T.des E. : Comment avez-vous l'habitude de boire du thé ?

G.M. : L'écriture peut très bien se passer dans un endroit sans odeurs ni saveurs : vous êtes complètement dans votre tête. Le corps, mobilisé, suit l'intellect Je ne sens rien, mais je ne pourrais ni avoir mal au dos en écrivant ni savourer un bonbon. Quand on écrit, on est dans un présent particulier, hors du temps, tandis que tout ce qui est du rapport de la jouissance et de la saveur vous mobilise complètement au moment où ça se passe.

T.des E. : Comment avez-vous l'habitude de boire du thé ?

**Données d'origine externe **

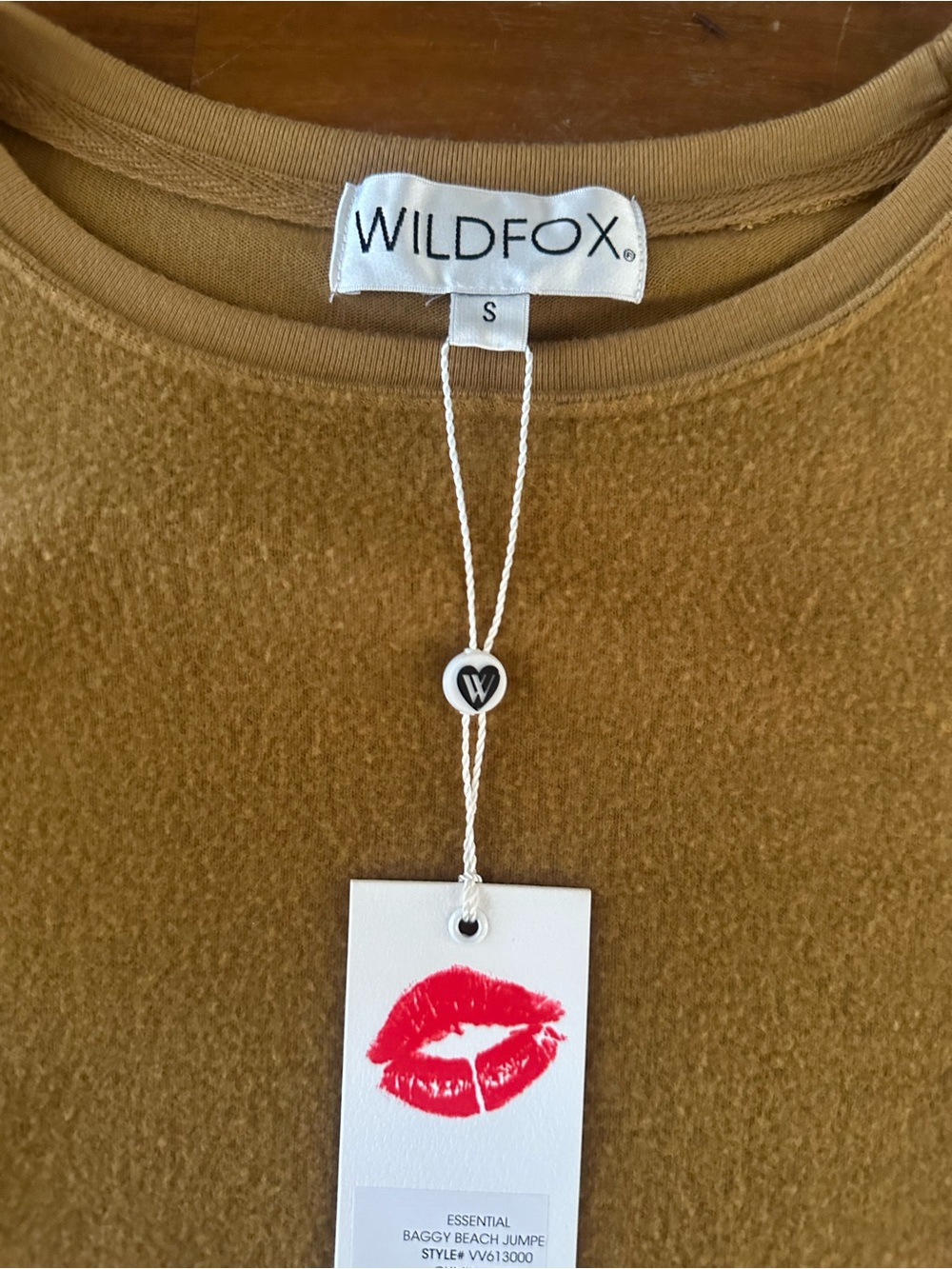 Wildfox Essential baggy beach jumper sweatshirt in cumin size Small NWT - Picture 4 of 9
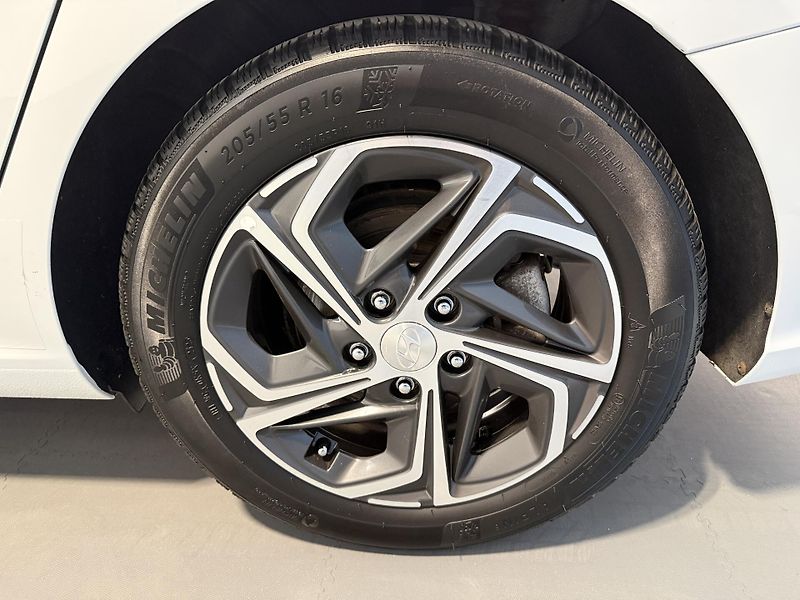 Hyundai i30 1.5 T-GDI Mild Hyb Family Smar - fotka 13 z 13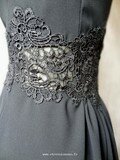 Robe en crêpe & guipure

G.M. : Comme je ne suis pas très " zuccherato " ( sucré ), je ne mets jamais de sucre dans mon thé. J'aime bien en boire la nuit, comme je suis insomniaque et que j'écris. Je trouve que la théière est une présence amicale, amie des artistes. Le matin, à l'inverse, je préfère le café, le thé ne me réveille pas, c'est plutôt une boisson paisible qui ne me stimule pas pour m'agiter. En vous parlant, je m'aperçois que j'aime bien boire le thé dans des porte-verres, plutôt que dans des tasses. On apprécie mieux sa couleur et le plaisir de l'oeil augmente le plaisir du goût.

T.des E : Quel est votre univers d'écriture, écrivez-vous à certains moments privilégiés de la journée ?

G.M. : Je travaille bien le matin. C'est pour cela que je pars souvent dans les pays chauds où j'écris mieux. La vie y est plus simple sous le soleil et elle commence plus tôt. La lumière y est belle et je me sens régénéré par la fraîcheur matinale, c'est à ces heures-là que je travaille le mieux et que j'ai mes meilleures idées. Et puis, je peux écrire n'importe où, je mène une vie assez bohème où je n'ai pas d'endroit particulier si ce n'est que je n'écrirais pas en public, dans un café parisien par exemple. A la rigueur, je pourrais le faire dans un pays étranger où je serais sûr de ne pas être reconnu. Pour en revenir au thé, il me correspond bien finalement, puisqu'il peut se boire à toute occasion, chaud, tiède ou même froid.

T.des E : Tous vos écrits respirent la sensualité, quelle est selon vous le rapport entre écriture et saveurs ?

G.M. : Le but de l'écrivain est de faire ressentir la saveur des mots au lecteur. Ce que Flaubert appelait " le gueuloir ", cette façon de se lire à haute voix son propre texte pour en entendre les sonorités, est vraiment essentiel à l'art d'écrire, et relève effectivement de la saveur. L'écrivain doit pouvoir donner toutes les sensations olfactives, visuelles et sonores à son lecteur. Il a à son service les images, les assonances... toutes les subtilités de la langue, mais suggérer est parfois plus important parfois que de décrire en détail. Je pense que la simplicité est le grand art, où l'effort ne doit pas se faire sentir, mais bien plus l'allégresse.